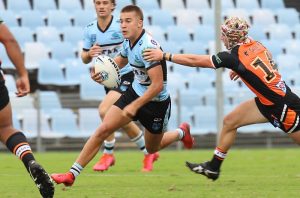 Chevy Stewart 2021 Cronulla Sharks Coaches Award Winner (Photo : Steve Montgomery)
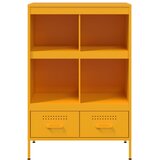  Visoka komoda boja senfa 68x39x101,5 cm od čelika | shoptok.hr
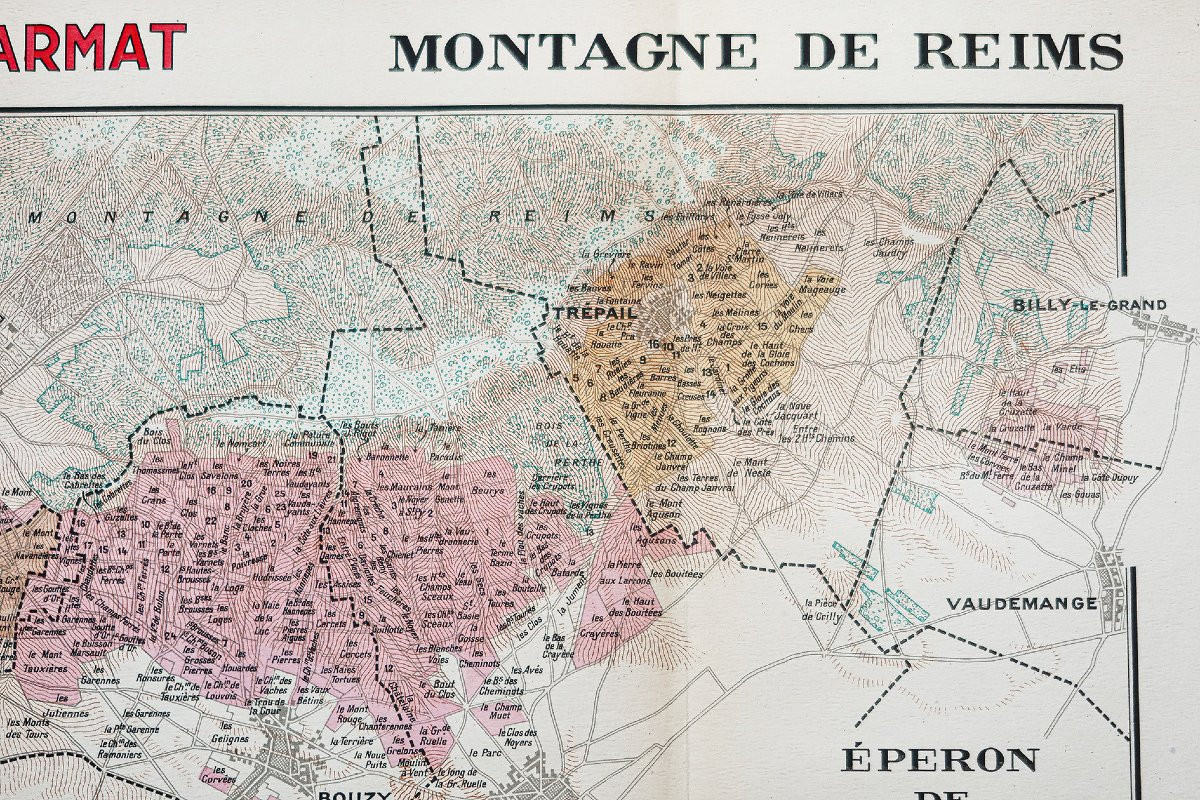 Carte ancienne des vins – Vinicole – Champagne-photo-4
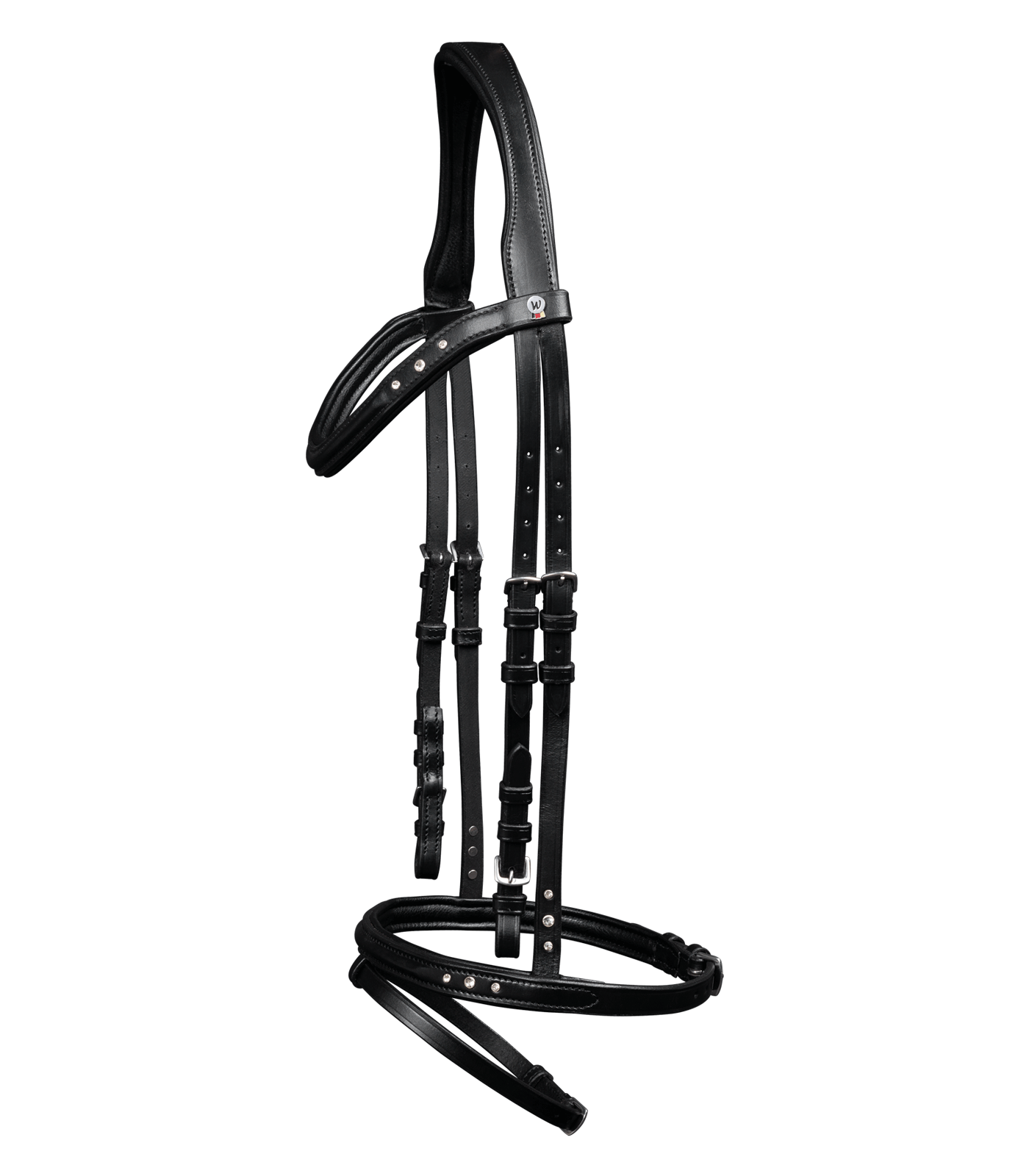 Waldhausen Icelandic Ice Stone Bridle #colour_black-silver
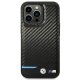 Apple iPhone 14 Pro Max 6,7\" BMW Leather Carbon Case Cover (BMHCP14X22NBCK), Black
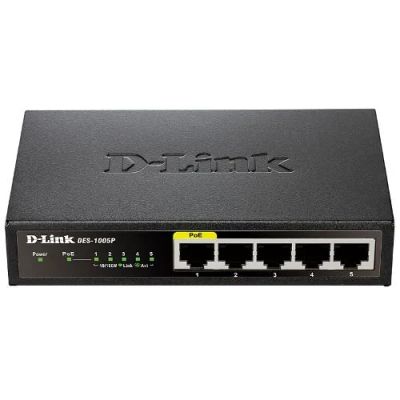 Лот: 4654395. Фото: 1. Коммутатор D-Link DES-1005P 5-port... Маршрутизаторы (роутеры)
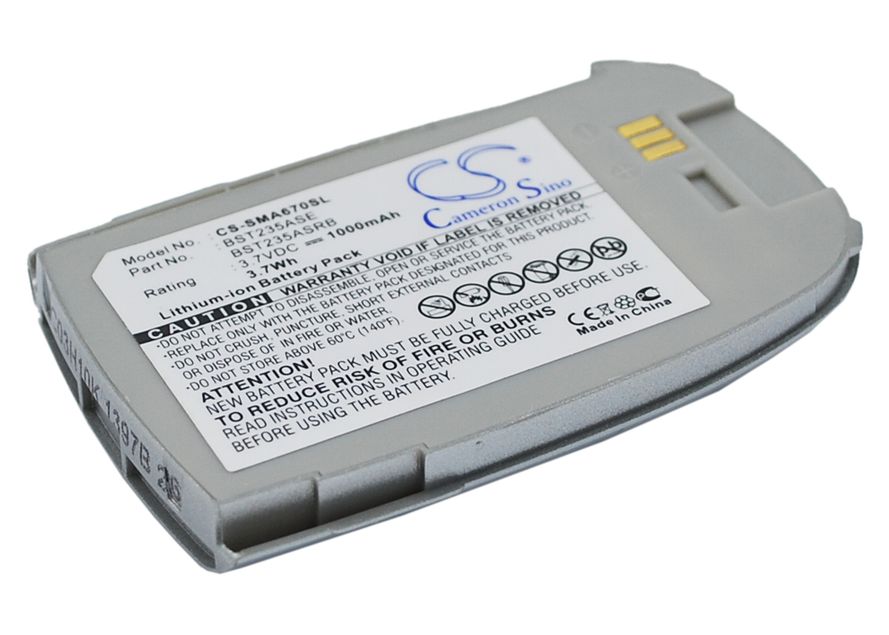 Samsung SCH-A670, SCH-A670U, SCH-A671, SCH-A672 akku 1000 mAh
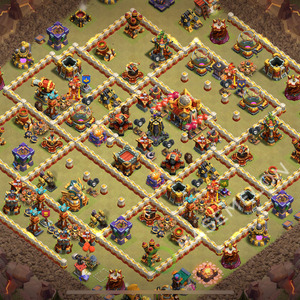 Town Hall Level 16 War Base Design 2026, Anti Everything, Layout #3176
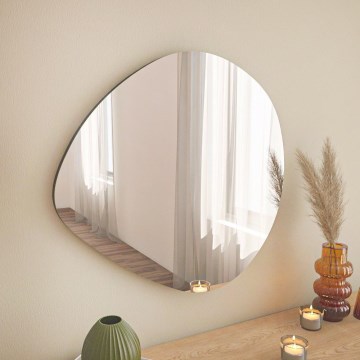 Seinäpeili BESSO 60x60 cm musta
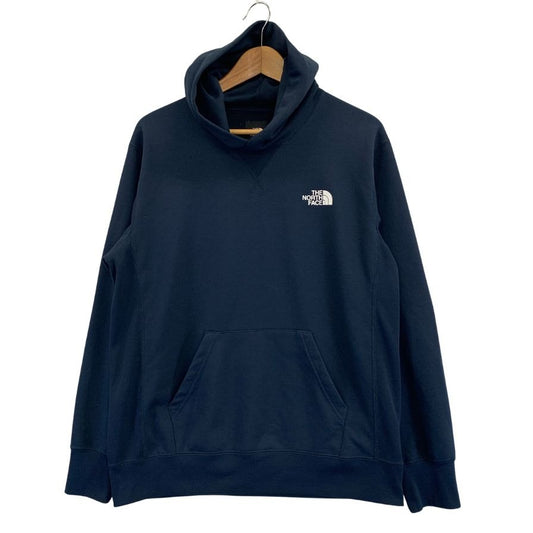 中古◆ザ ノースフェイス パーカー バック スクエア ロゴ フーディー NT12034 裏パイル ネイビー メンズ サイズL THE NORTH FACE 【AFB15】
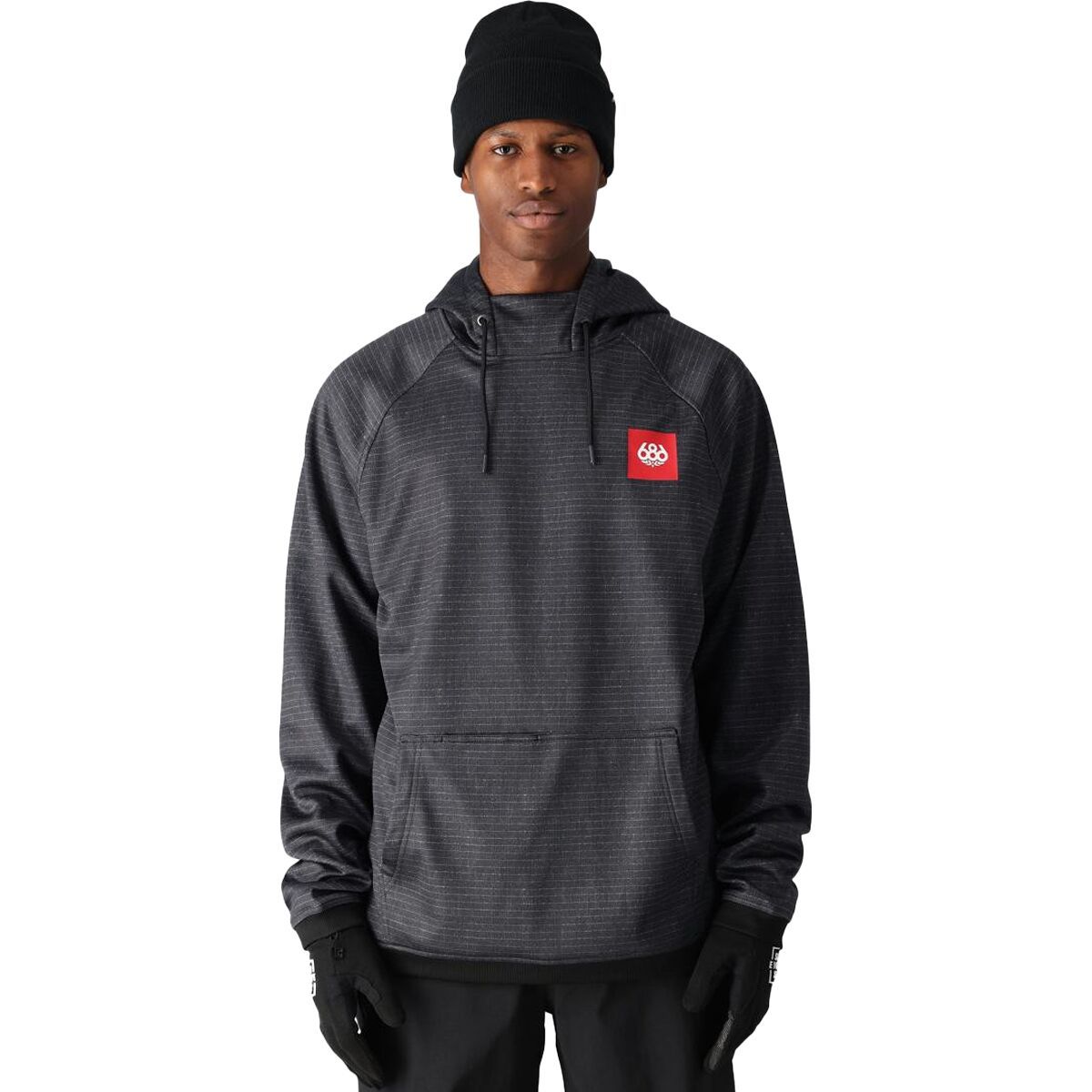 Image of 686 Bonded Fleece Hoodie - Men's Black Ripstop, L
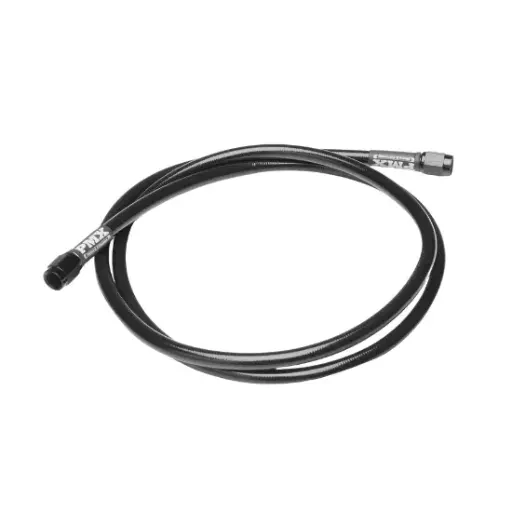 [PMX611349] Brake Line #3 Straight/Straight 90 49" Length, Black, All Sizes 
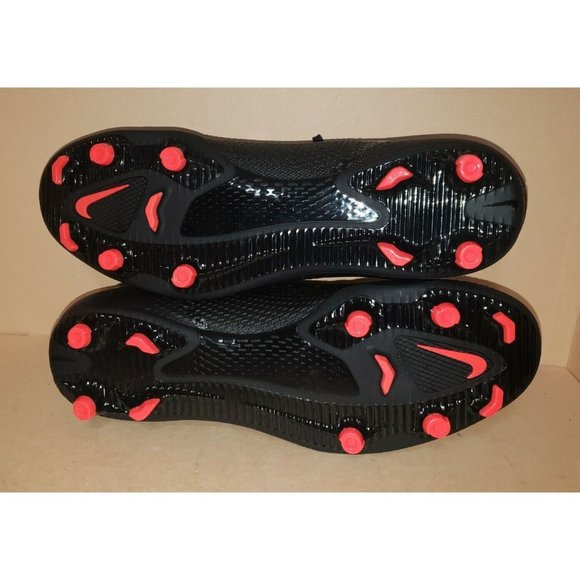 NIKE PHANTOM GT CLUB BLACK SOCCER CLEATS Men's Size 9 NEW - Picture 15 of 16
##############################
## Work task
Give back an exact repeat of the lines from the top of the data through the line that holds "Seinäpeili BESSO 60x60 cm musta", both included, and omit pictures.

## Expected answer
 Chevy Stewart 2021 Cronulla Sharks Coaches Award Winner (Photo : Steve Montgomery)
  Visoka komoda boja senfa 68x39x101,5 cm od čelika | shoptok.hr
 Carte ancienne des vins – Vinicole – Champagne-photo-4
 Waldhausen Icelandic Ice Stone Bridle #colour_black-silver
 Apple iPhone 14 Pro Max 6,7\" BMW Leather Carbon Case Cover (BMHCP14X22NBCK), Black
 Лот: 4654395. Фото: 1. Коммутатор D-Link DES-1005P 5-port... Маршрутизаторы (роутеры)
 Samsung SCH-A670, SCH-A670U, SCH-A671, SCH-A672 akku 1000 mAh
 Town Hall Level 16 War Base Design 2026, Anti Everything, Layout #3176
 Seinäpeili BESSO 60x60 cm musta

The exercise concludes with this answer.